= GOAL OF THE EXERCISE =
Please set down only the lines that run from the one containing "Scheden-Norwegen 2024-3831-Bearbeitet.jpg" to the end of the listing below, exactly as written.

= RECORDS FOR THIS TASK =
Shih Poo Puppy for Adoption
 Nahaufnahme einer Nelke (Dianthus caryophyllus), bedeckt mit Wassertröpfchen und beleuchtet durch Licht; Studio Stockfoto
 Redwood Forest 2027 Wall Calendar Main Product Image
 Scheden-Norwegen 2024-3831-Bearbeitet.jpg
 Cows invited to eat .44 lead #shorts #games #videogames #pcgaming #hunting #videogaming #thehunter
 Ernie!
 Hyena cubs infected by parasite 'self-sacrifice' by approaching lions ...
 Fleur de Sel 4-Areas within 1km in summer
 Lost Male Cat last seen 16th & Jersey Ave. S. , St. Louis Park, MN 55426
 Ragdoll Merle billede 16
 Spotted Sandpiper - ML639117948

= SOLUTION FOR THIS TASK =
 Scheden-Norwegen 2024-3831-Bearbeitet.jpg
 Cows invited to eat .44 lead #shorts #games #videogames #pcgaming #hunting #videogaming #thehunter
 Ernie!
 Hyena cubs infected by parasite 'self-sacrifice' by approaching lions ...
 Fleur de Sel 4-Areas within 1km in summer
 Lost Male Cat last seen 16th & Jersey Ave. S. , St. Louis Park, MN 55426
 Ragdoll Merle billede 16
 Spotted Sandpiper - ML639117948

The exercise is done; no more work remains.